Power company seals crucial US$18M loan

Big improvements planned
Stabroek News
January 23, 2002

The Guyana Power and Light (GPL) has clinched a US$18 million loan from the European Investment Bank (EIB) to improve its generation and transmission system and the firm is looking for a further US$44 million to get that project off the ground.

Chief Executive Officer, John Lynn, said yesterday that he expected all the financing to be in place by the end of March and highlighted as the company's two top priorities 30 megawatts of new generation for the Garden of Eden station and setting up a substation at Eccles.

The company has to secure all of the financing for the project before the 15-year loan from the EIB is disbursed, the terms of which include a variable interest rate of between three and ten per cent depending on the company's performance and five years grace before capital repayment starts.

Lynn would not discuss the other sources of financing being sought, saying these were confidential. However, Profile II of the Rural Electrification Project on the Inter-American Development Bank (IDB) website said the company had completed negotiations for loans with the EIB as well as the local agent of Republic Bank of Trinidad, the National Bank of Industry and Commerce Ltd (NBIC). The loan with NBIC is for US$7.3 million over a ten-year period with a two-year grace period and interest at one per cent above Republic Bank's US account prime rate. The IDB had also declared GPL eligible for financing, via its private sector window, in 1999. Lynn refused to say whether GPL had to provide any of the funding for the project.

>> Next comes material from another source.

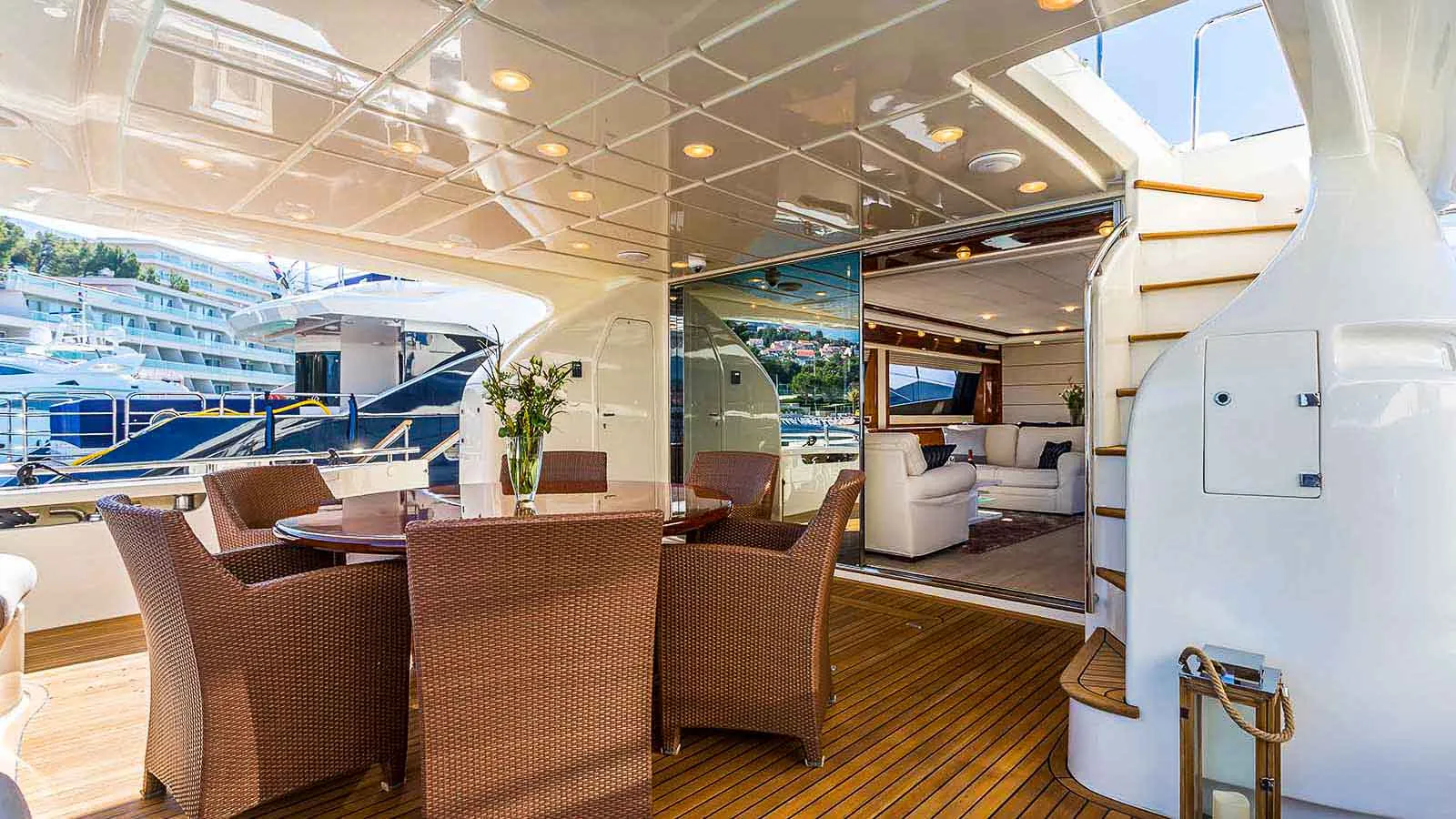 Ferretti 880 Miss Katarina — yacht photo 9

A statement from GPL yesterday on the loan agreement with the EIB said the firm did not have to provide security, but one of the conditions was that the loan must be matched by corresponding funds. "GPL is currently working to raise the additional financing for our major projects," the statement said.

Over five years, the project will see three new medium-speed, heavy fuel oil-fired diesel units of ten megawatts each installed at Garden of Eden, as well as a new 69 KV line linking a new 13.9 KV substation at Eccles to the distribution network. Lynn expects that work on these two top priority areas would be completed in 12 months.

Among the other work to be undertaken in the period are a 69 KV interconnection between Sophia and Onverwagt to link the Demerara and Berbice systems, with modifications to the Onverwagt station. There will be new transmission stations at Coldingen on the East Coast, Leonora on the West Coast and Williamsburg on the Corentyne.

Further, there would be a new 69 KV line from Sophia to Kingston and a new transmission station at Kingston.

Lynn said he anticipated that contracts would be placed with suppliers by the end of the first quarter, by which time all of the financing would have been arranged. He was positive about securing all of the financing for the project by this time.

The CEO said he expected that with work completed on the two top priorities identified, generation will become more reliable; the firm would be able to cope with increasing demand averaging five per cent per year; reliability in supply would be assured and technical losses would be reduced. He could not say to what extent improvements would be made with regard to technical losses.

"We hope to gradually reduce blackouts on a continuing basis. It will be impossible to stop all blackouts but we hope to get to the stage where it happens very seldom and this will be a gradual process," Lynn said.

And while the two top priorities would be worked on, Lynn said that the company would continue to improve the distribution network, replace rotten poles and maintain reliability of supply which was seen in the last few months.

Lynn noted that since August there had been no kinks in the system causing blackouts, but rather there had been planned blackouts to improve the system.

"We want to build on that. There will be switch outs to allow for improvements and we are working to ensure a gradual process of improvement," he asserted.

He saw the loan from the EIB was a vote of confidence in GPL and a building block to allow the major projects to proceed to improve substantially the quality of electricity supply.